What the exercise asks: Line by line, set down the records below from the first line through the line containing "San Juan Puerto". Omit the pictures.

————————

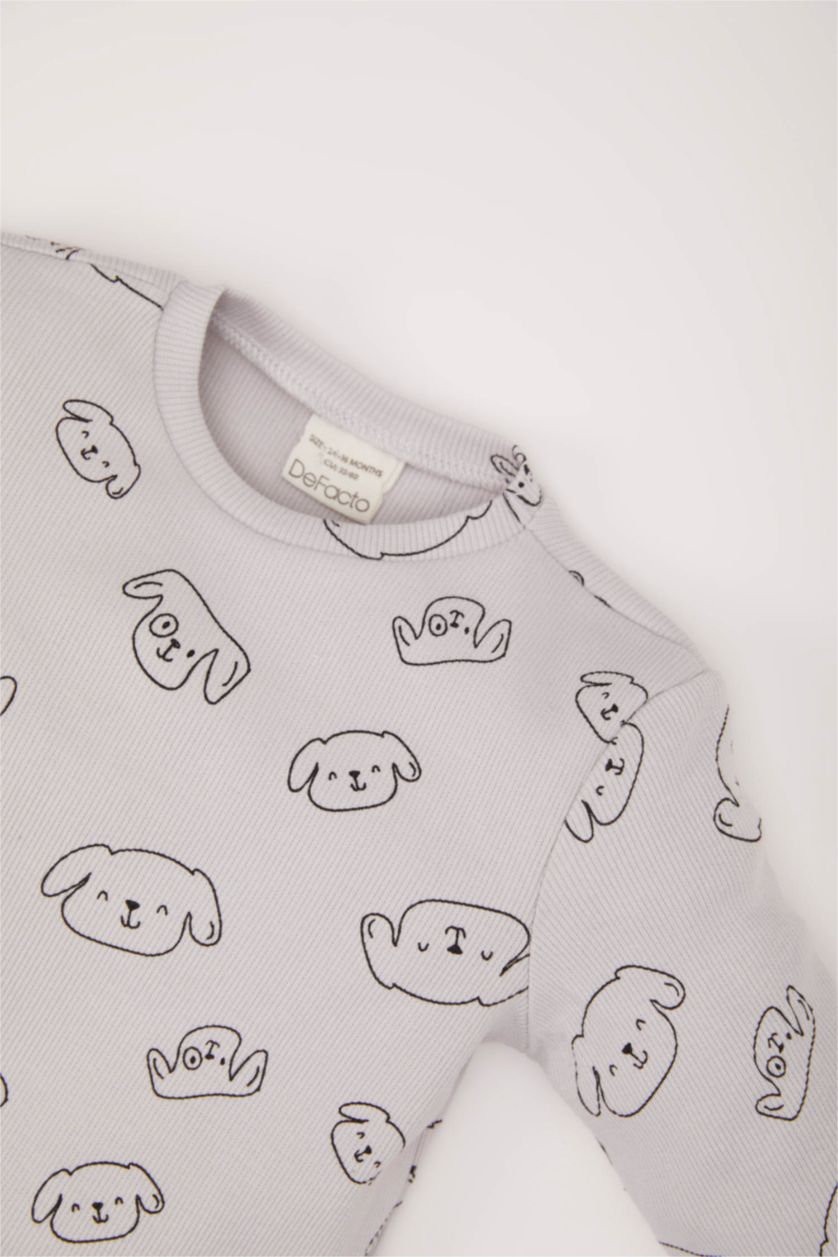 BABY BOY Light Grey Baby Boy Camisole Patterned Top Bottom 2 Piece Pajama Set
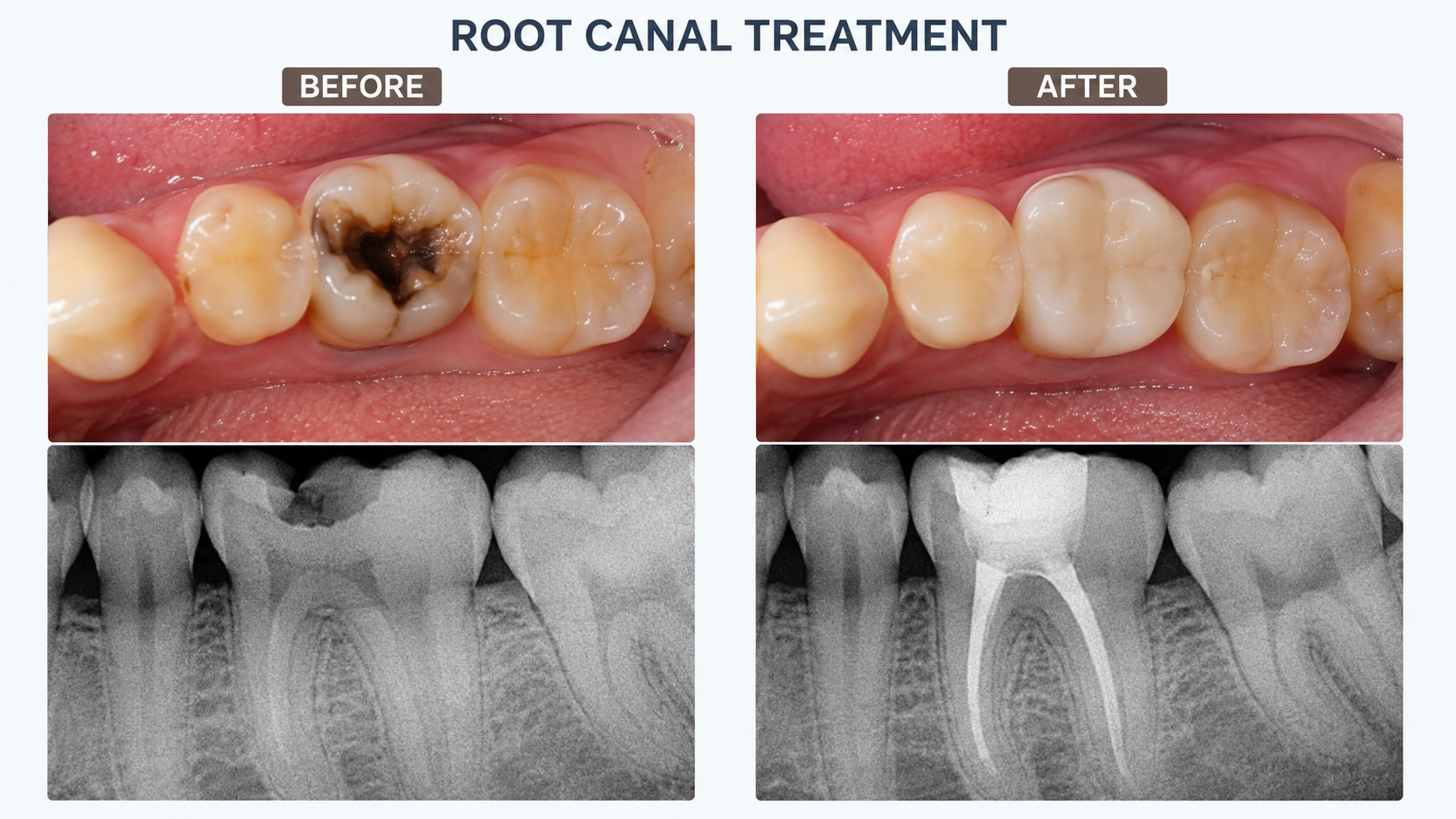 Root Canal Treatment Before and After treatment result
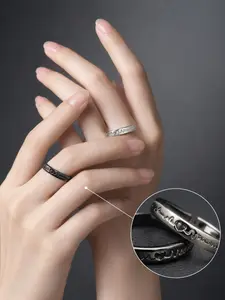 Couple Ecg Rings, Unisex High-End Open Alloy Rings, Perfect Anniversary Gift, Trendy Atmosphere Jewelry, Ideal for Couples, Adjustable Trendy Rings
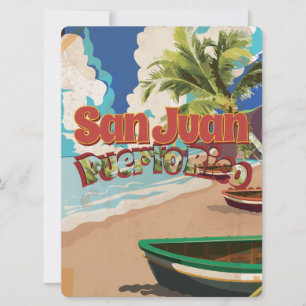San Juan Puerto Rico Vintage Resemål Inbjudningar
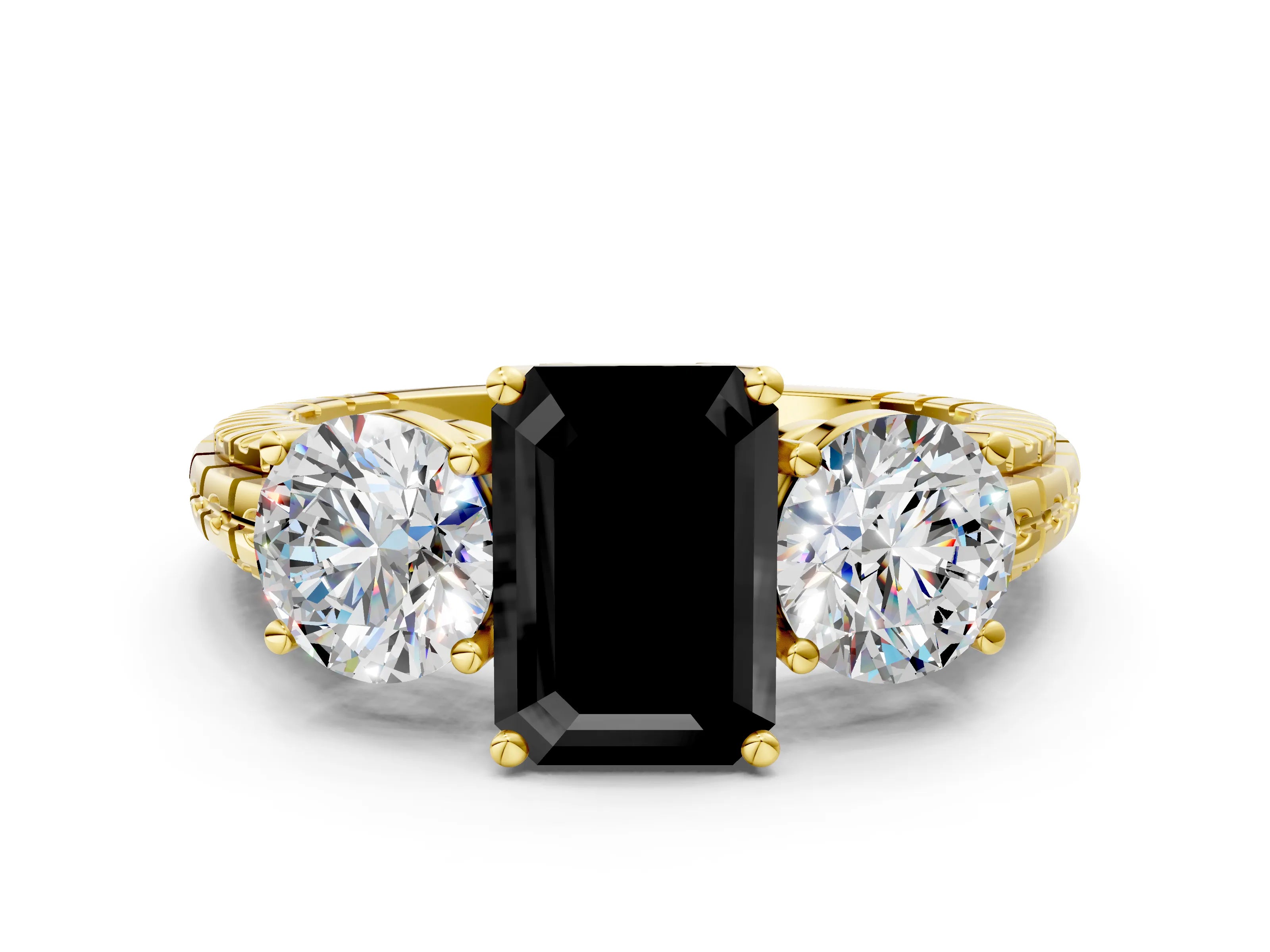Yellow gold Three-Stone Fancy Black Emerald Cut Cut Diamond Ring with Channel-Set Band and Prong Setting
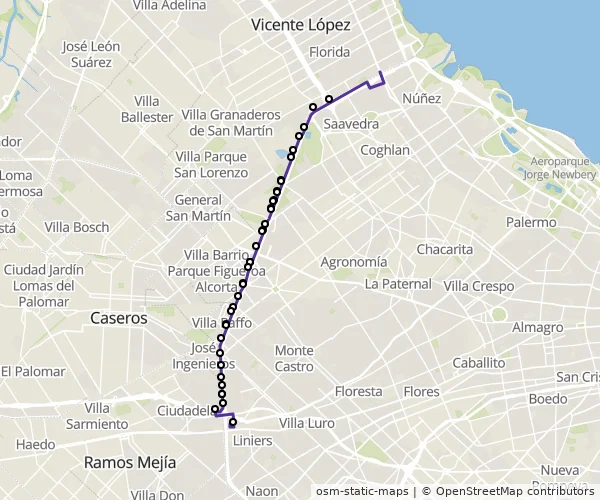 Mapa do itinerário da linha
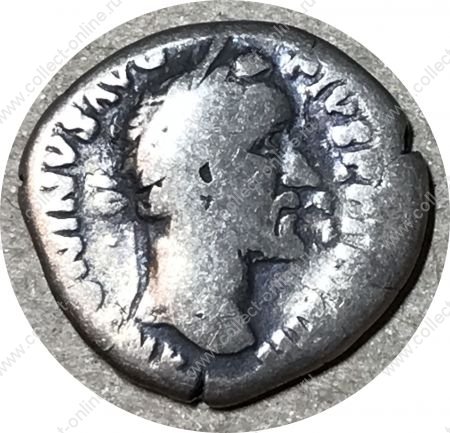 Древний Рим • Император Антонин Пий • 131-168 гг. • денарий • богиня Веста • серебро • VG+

————————

Finished task:
 BABY BOY Light Grey Baby Boy Camisole Patterned Top Bottom 2 Piece Pajama Set
 Root Canal Treatment Before and After treatment result
 Couple Ecg Rings, Unisex High-End Open Alloy Rings, Perfect Anniversary Gift, Trendy Atmosphere Jewelry, Ideal for Couples, Adjustable Trendy Rings
San Juan Puerto Rico Vintage Resemål Inbjudningar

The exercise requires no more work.